**ACTIVITY:** The answer must consist only of the lines in the records below from the line with "Young woman preparing" to the line with "Bedroom featuring a", both included, copied word for word with every picture left out.

(Dataset items)
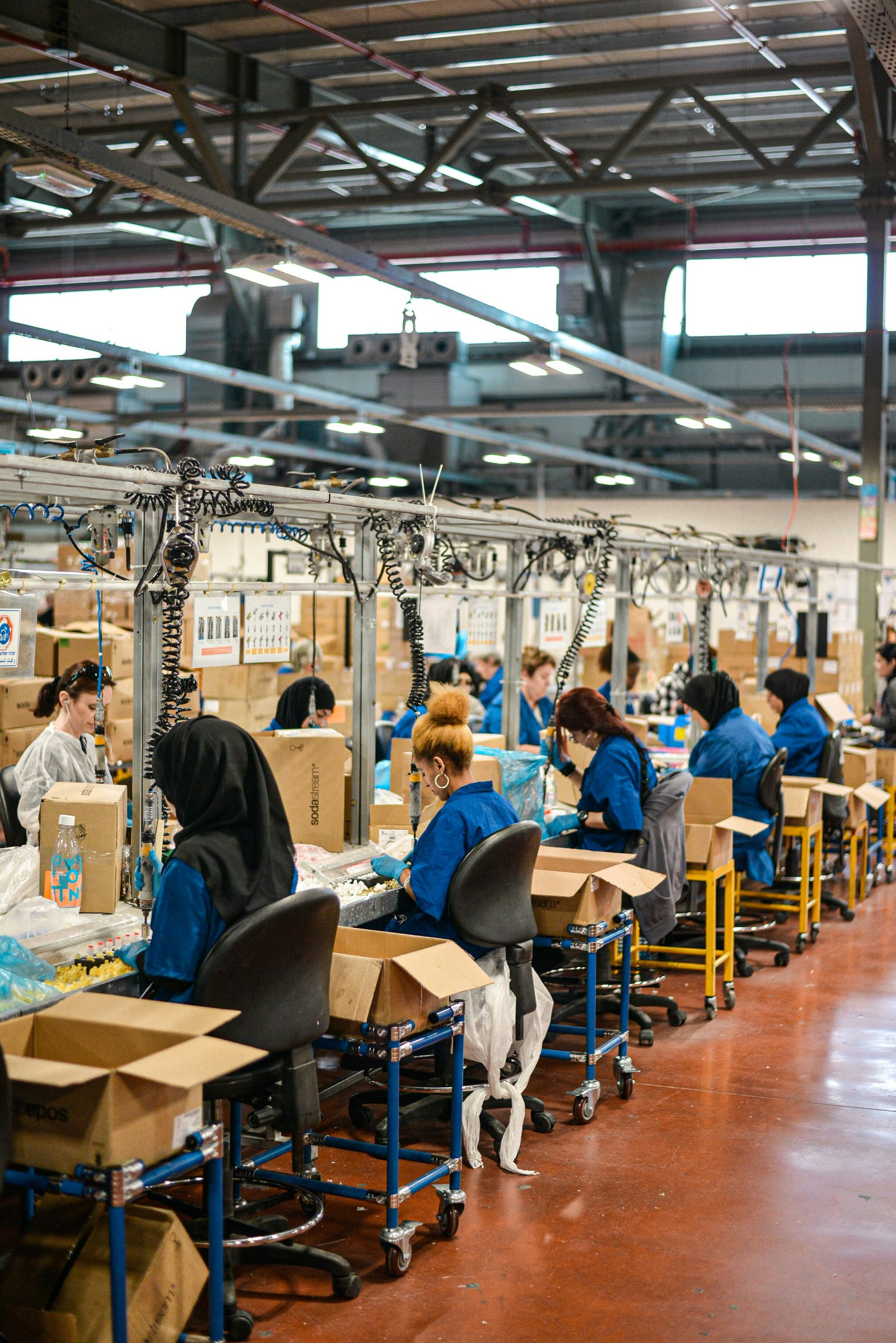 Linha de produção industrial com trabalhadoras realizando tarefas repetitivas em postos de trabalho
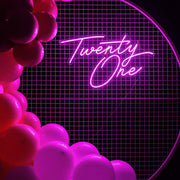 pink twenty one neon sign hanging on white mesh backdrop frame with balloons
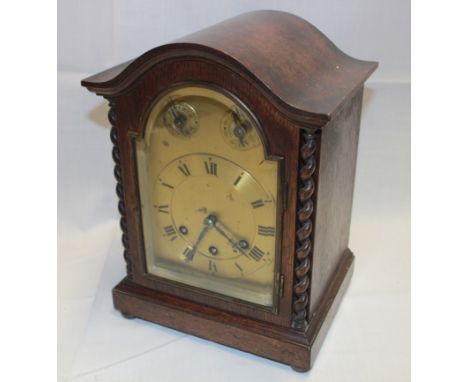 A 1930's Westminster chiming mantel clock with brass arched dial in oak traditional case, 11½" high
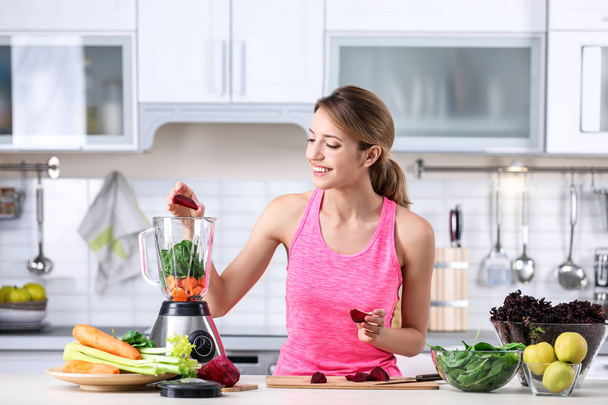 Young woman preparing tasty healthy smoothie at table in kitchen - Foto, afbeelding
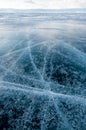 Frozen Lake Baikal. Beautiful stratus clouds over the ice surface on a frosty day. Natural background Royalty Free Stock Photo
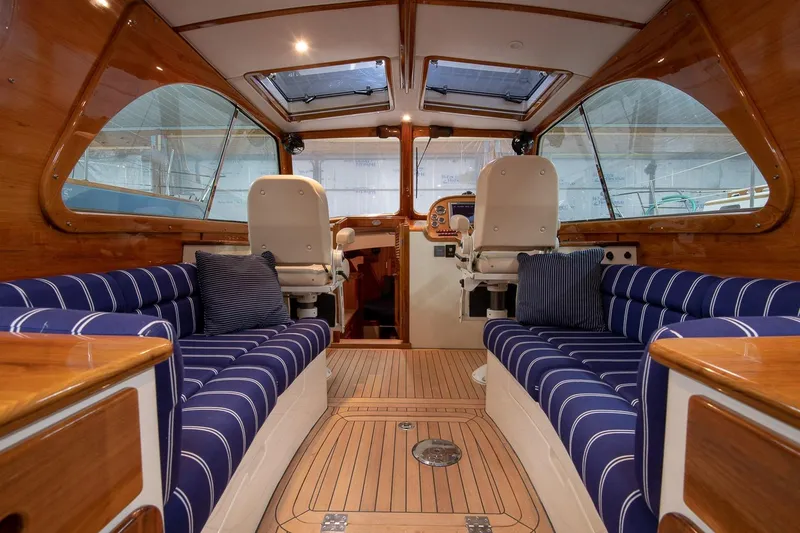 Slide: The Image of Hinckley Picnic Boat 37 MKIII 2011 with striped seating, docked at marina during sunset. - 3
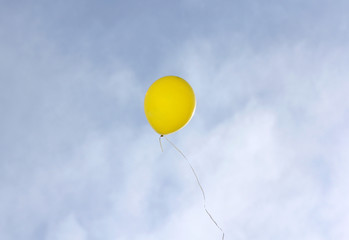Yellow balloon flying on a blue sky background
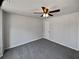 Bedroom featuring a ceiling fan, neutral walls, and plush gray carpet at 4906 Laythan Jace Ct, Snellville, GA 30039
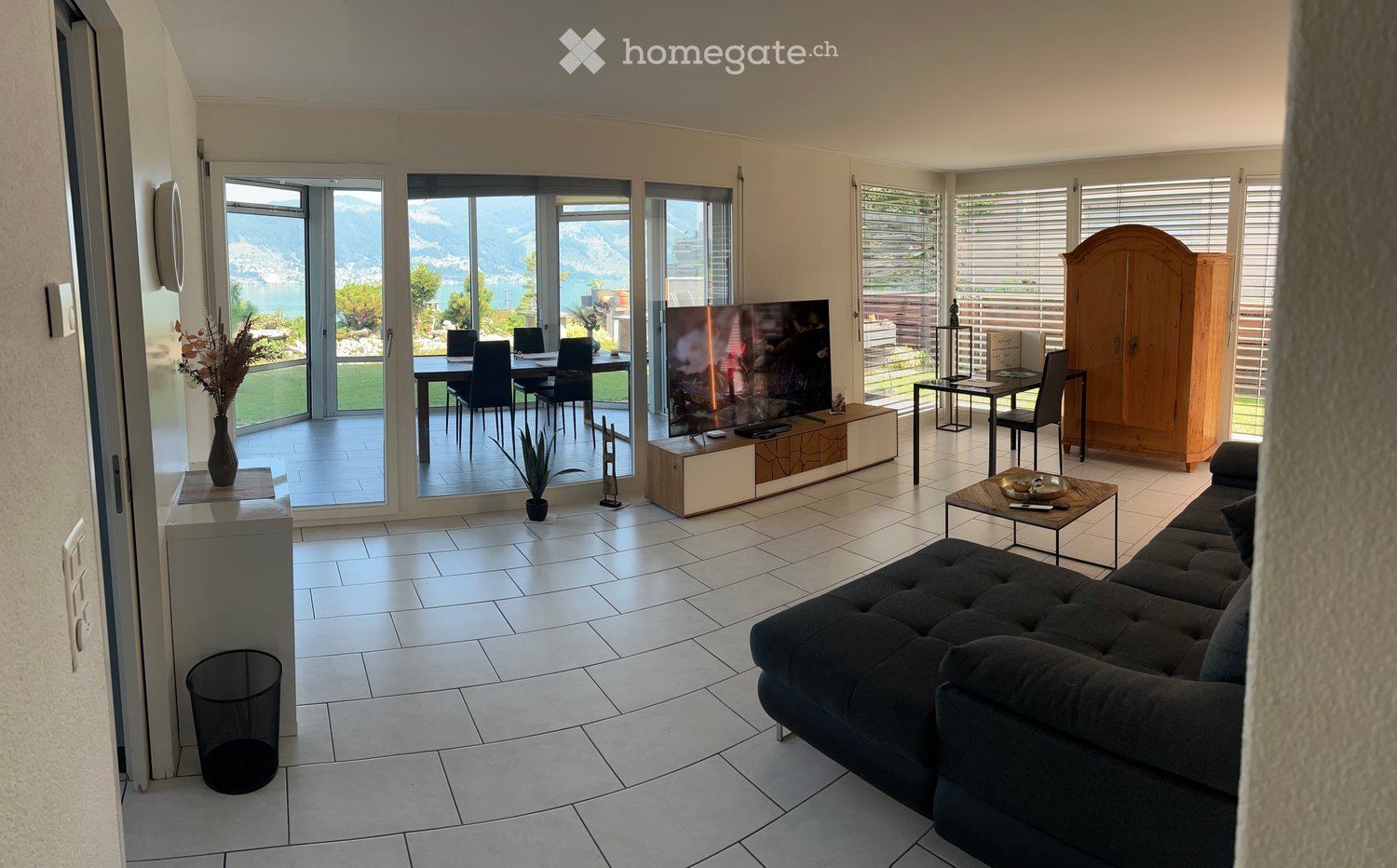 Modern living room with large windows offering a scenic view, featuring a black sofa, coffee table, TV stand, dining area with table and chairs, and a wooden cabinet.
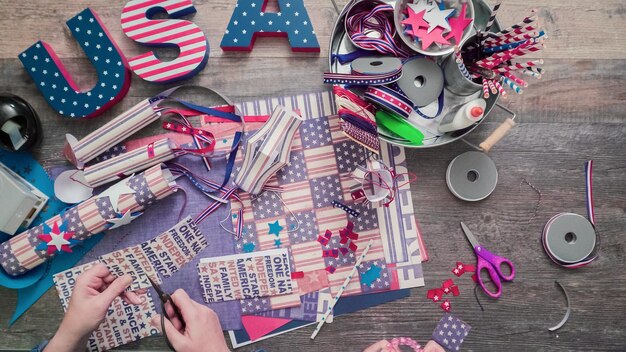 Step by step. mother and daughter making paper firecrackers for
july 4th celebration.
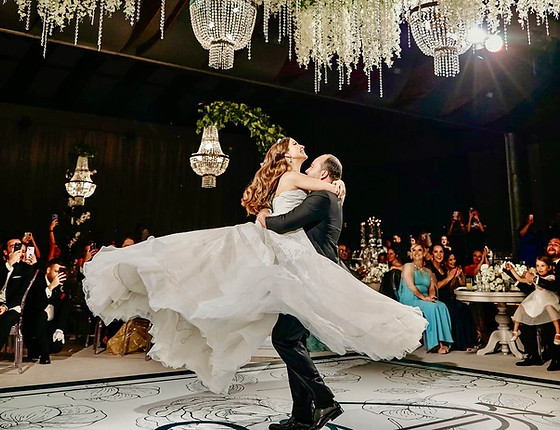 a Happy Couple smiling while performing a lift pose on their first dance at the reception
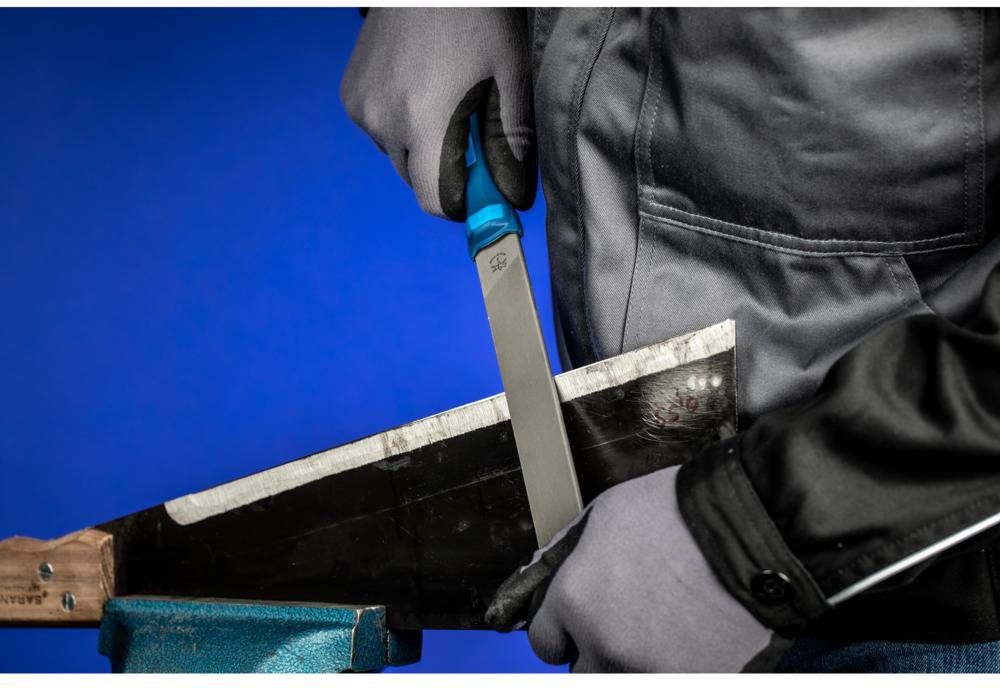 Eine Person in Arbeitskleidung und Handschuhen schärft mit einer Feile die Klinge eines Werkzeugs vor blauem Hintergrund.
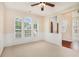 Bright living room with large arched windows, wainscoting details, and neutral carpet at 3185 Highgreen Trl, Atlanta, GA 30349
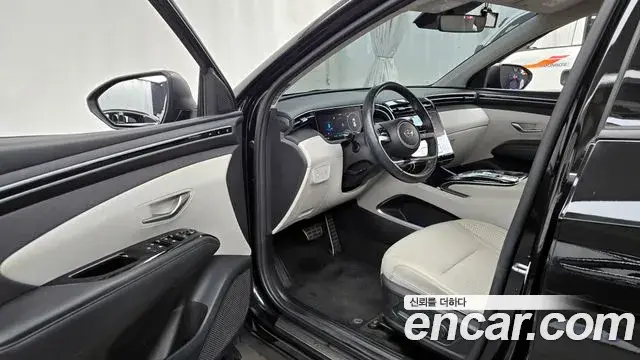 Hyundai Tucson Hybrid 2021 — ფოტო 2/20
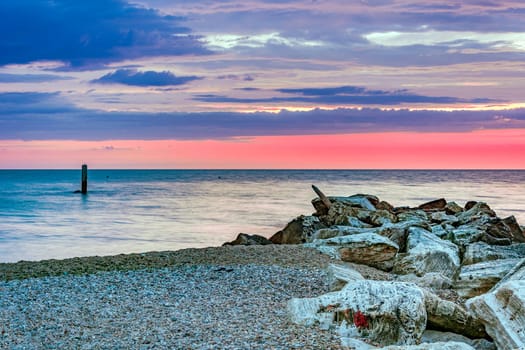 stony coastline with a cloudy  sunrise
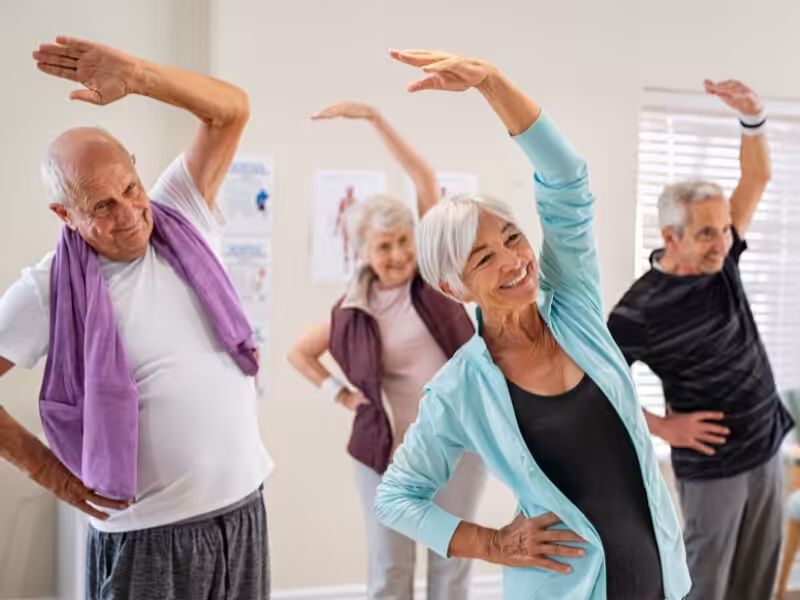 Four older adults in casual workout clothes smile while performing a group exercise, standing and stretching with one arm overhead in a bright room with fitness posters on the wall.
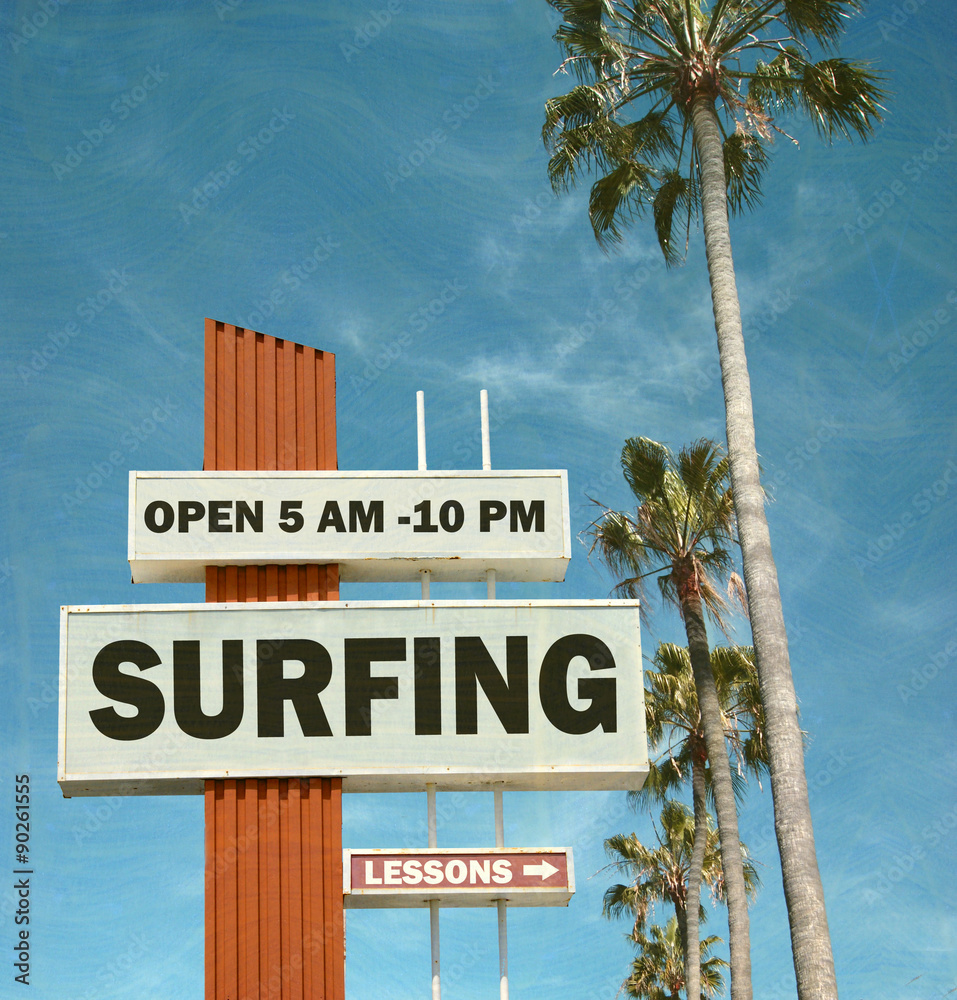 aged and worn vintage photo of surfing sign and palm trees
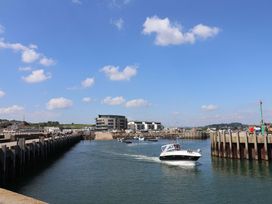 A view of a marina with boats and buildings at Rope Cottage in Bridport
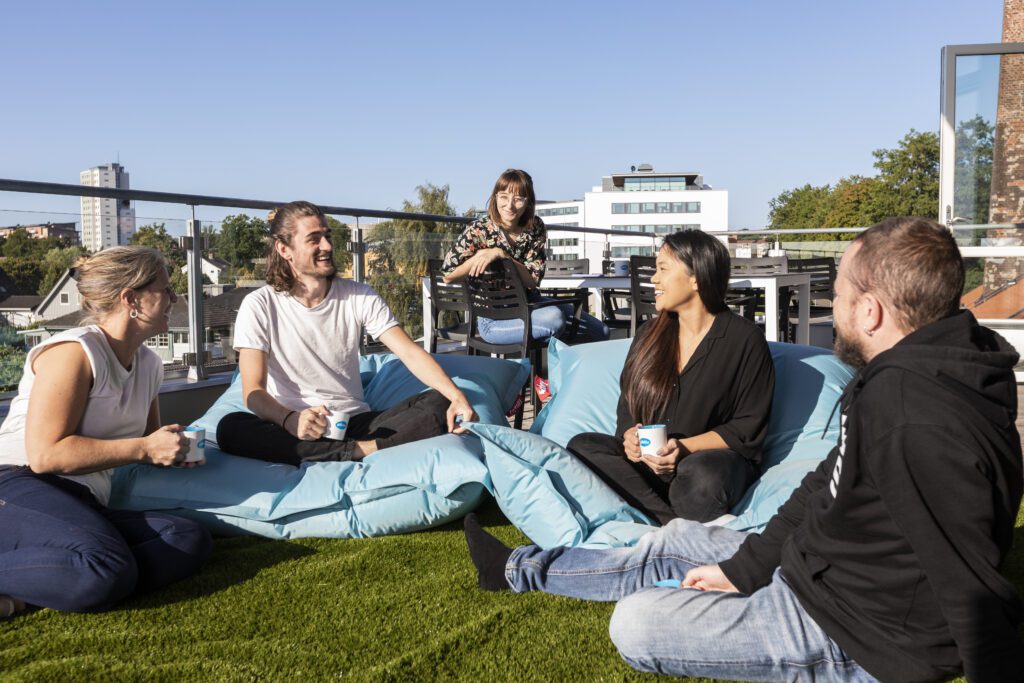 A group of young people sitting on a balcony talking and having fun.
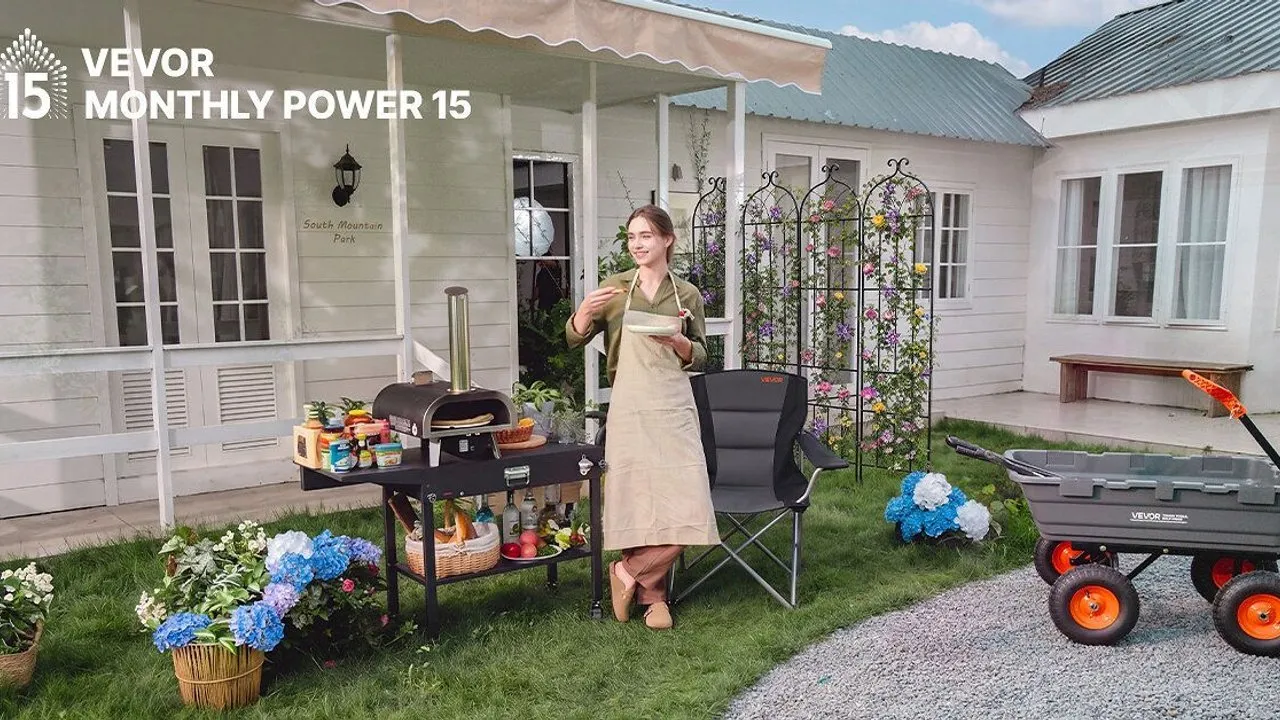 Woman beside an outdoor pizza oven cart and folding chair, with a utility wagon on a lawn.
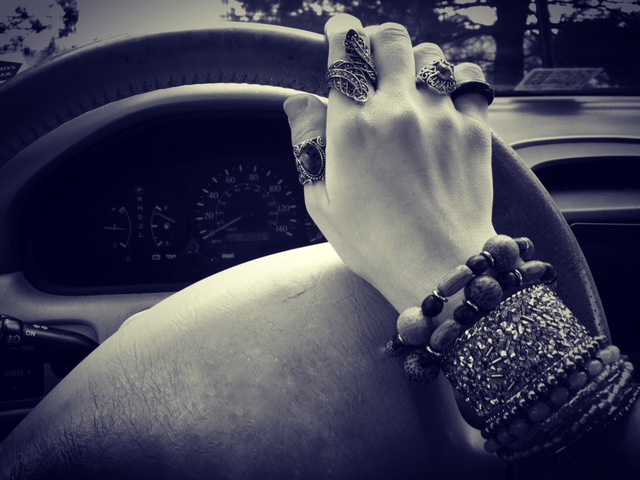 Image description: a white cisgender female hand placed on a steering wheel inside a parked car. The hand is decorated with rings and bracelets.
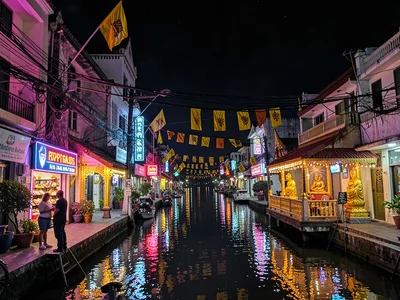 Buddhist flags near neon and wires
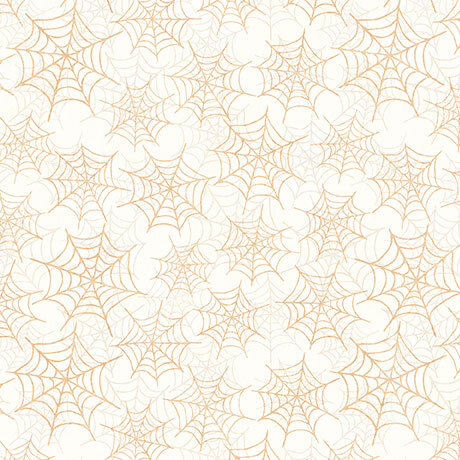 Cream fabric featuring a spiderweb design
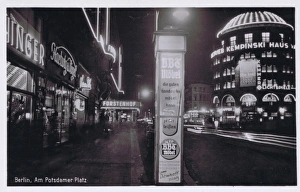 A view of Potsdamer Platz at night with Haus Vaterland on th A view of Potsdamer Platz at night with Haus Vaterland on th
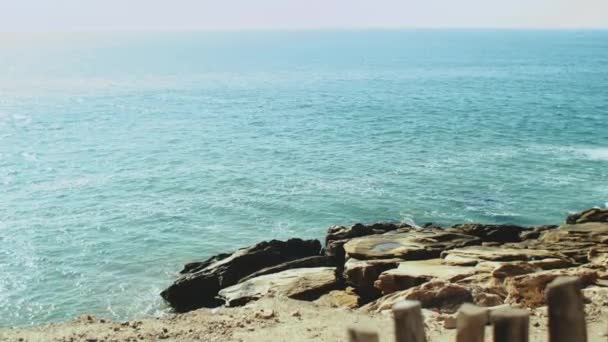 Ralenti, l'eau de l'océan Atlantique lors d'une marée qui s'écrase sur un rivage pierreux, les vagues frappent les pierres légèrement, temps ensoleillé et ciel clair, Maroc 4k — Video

**WORKED SOLUTION:**
 Young woman preparing tasty healthy smoothie at table in kitchen - Foto, afbeelding
 Frozen Lake Baikal. Beautiful stratus clouds over the ice surface on a frosty day. Natural background Royalty Free Stock Photo
 Slide: The Image of Hinckley Picnic Boat 37 MKIII 2011 with striped seating, docked at marina during sunset. - 3
Yellow balloon flying on a blue sky background
 Bedroom featuring a ceiling fan, neutral walls, and plush gray carpet at 4906 Laythan Jace Ct, Snellville, GA 30039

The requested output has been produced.